As part of our British Council Newton Fund award, we were extremely pleased to welcome a host of researchers from both the UK and Malaysia to our Big Data and Dengue Fever Workshop, held at the University of Nottingham. In partnership with University Malaya, this 3-day event featured a range of talks, demonstrations and brainstorming sessions about how dengue fever research can be impacted positively by Big Data techniques. Full details of the event below…
Dengue Fever Workshop Programme
10-13th August 2016
UM Welcome talk (Siti Hafizah Ab Hamid, Universiti Malaya)
After a warm welcome from the chair, Dr James Goulding, Dr Siti Hafizah of University Malaya introduced the background to this collaboration, and the programme of work being undertaken by Computer Science in the field.
Background to Dengue Fever (Rafdzah Ahmad Zaki)
We were very grateful to Dr Rafdzah Ahmad for then presenting an extremely informative talk on the nature of dengue fever from a medical perspective, and in particular the climate and environmental features in Malaysia that influence its spread. As well as giving a very thorough review of Dengue incidence and the impact of the disease (including the triangle of spread between the disease, mosquitos and humans), this led ideally into discussions on how improvements in prediction of outbreaks can be made.
Presentation on Modeling Dengue Outbreak via Recurrent Neural Networks (Abdullahi Adamu):
Dr Abdullahi Adamu then followed up on the prior epidemiological discussions, by presenting his first steps in collating both climate and medical incidence data on the disease in Malaysia, and deep learning models for prediction of outbreaks.
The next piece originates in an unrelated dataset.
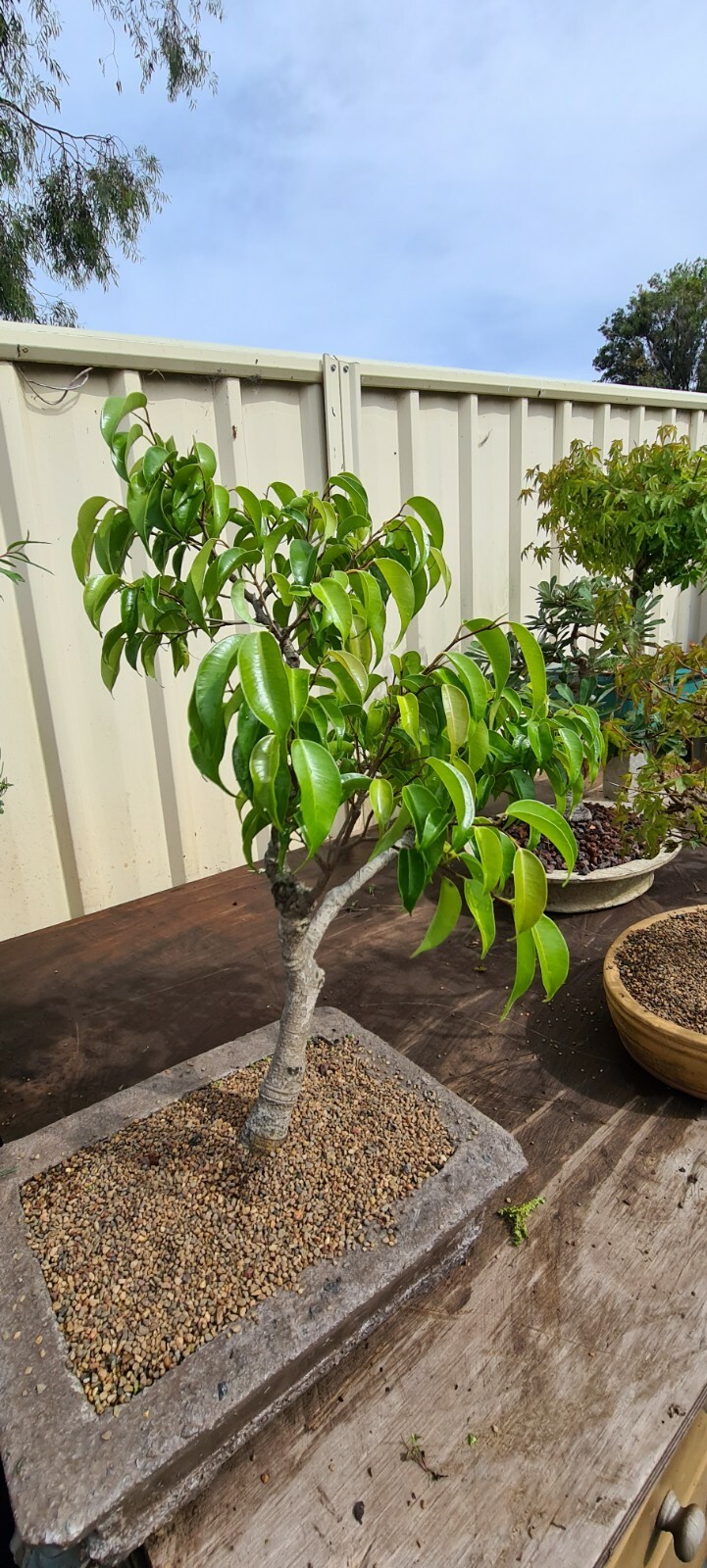 bonsai trees for sale eBay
While this illustrated early work on the Grant, there was clear evidence of the potential of a data-driven approach.
Presentation on Neodemographics (James Goulding):
As part of the Knowledge Transfer component of this British Council Newton Fund grant, Dr Goulding discussed new developments in big data techniques, and in particular novel approaches being developed here at the University of Nottingham. This included discussion of time series prediction models, and in particular the impact that external data sources (such as Call Record Data) can have on epidemiological models.
Presentation on Geospatial Science in Emerging Economies (Mark Iliffe):
A key part of any analysis based around human behaviour is the geospatial components. In this presentation Mark Iliffe led the workshop through prior work undertaken in the group in East Africa. Focussing on Tanzania, Mark addressed the difficulties of employing data collection technologies, and the benefits that drone based sensors can have on analysing enivoronmental factors, especially in urban areas.
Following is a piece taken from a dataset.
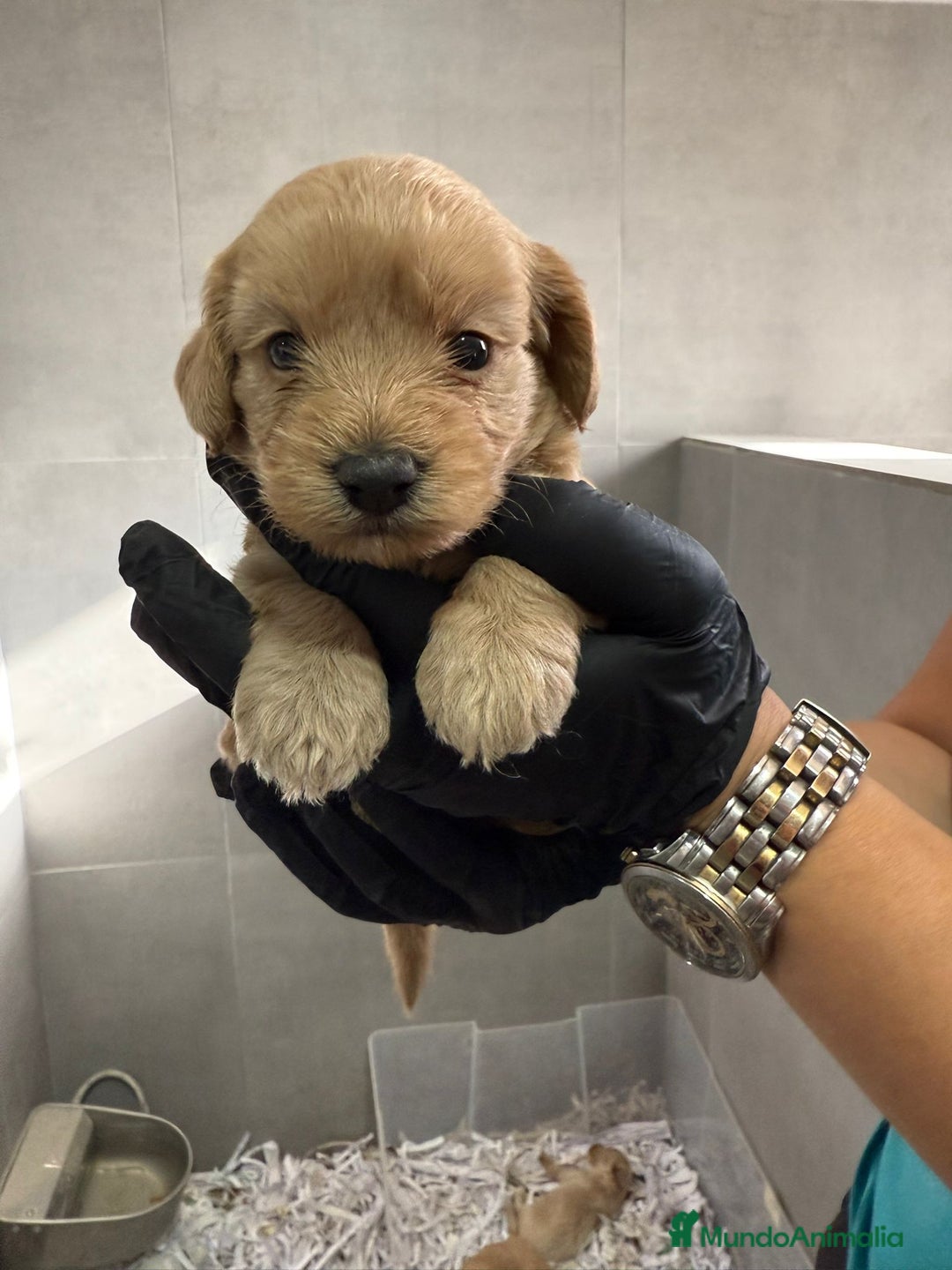 Maltipoo perros en venta: CACHORROS DE MALTIPOO - Imagen 2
Presentation on Understanding Movement via CDR data (Gregor Engelmann)
Gregor Engelmann next presented his work on harnessing human behvioural datasets to analyse mobility patterns. It quickly became evident that such patterns have a high affect on the spread of dengue fever which, while borne by mosquitos, is transferred between areas via human movement. As such, data such as that collected via mobile phone traces is likely to have a particularly significant effect on the accuracy of predictive models for dengue spread.
Presentation on Big Data Analytics (Gavin Smith)
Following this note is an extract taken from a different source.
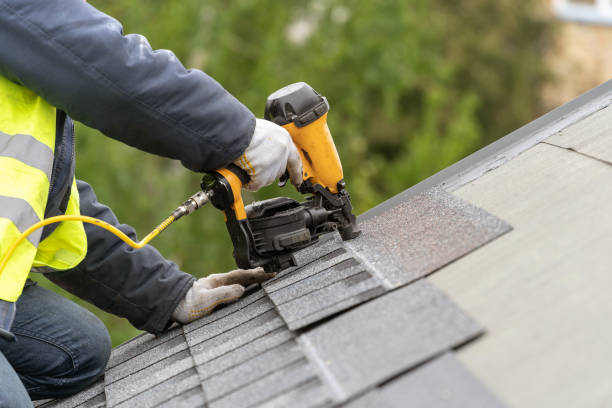 Best Solar Panel Roofing Installation  in Homedale, ID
Next Dr Gavin Smith explained how transactional ‘big data’ represents an unparalleled resource for understanding human behavior. However, due to the sheer scale of such data extraction of actionable inferences presents significant challenges. He discussed how (in order to provide actionable intelligence) algorithms are required that process and summarize that data in some form, enabling useful and actionable insights to be drawn. He then presented a novel algorithm for this summarization based on dynamic topic modelling, leading to discussion about how advances in data science might be better harnessed in the medical sciences.
Presentation on Deep Learning from Drone Imagery (Mercedes Torres)
Our final talk of the workshop came from Dr Mercedes Torres Torres, of the Machine Vision lab, who is working with the team on automated land-use recognition from Drone Imagery. This excellent talk on the ability of Convolutional Neural Networks to deliver highly accurate results, raised lots of interesting discussion on the ability of such techniques to identify stagnant water, so often the source of dengue infections.
Paper Brainstorming / Discussions for Future Funding / Next Steps
Rounding off the workshop came some break out sessions on how to move Dengue prediction forwards. A clear consensus emerged in that:
- Continued collaboration was mutually beneficial to both UoN and UM.
- Integration of Predictive Models from machine learning was highly useful to epidemiology.
- For Dengue Fever in particular understanding the movements of the population was key – and as such forming a research relationship with a telecommunications provider would be a key next step in advancing this work.
Many thanks to all who attended this highly productive workshop!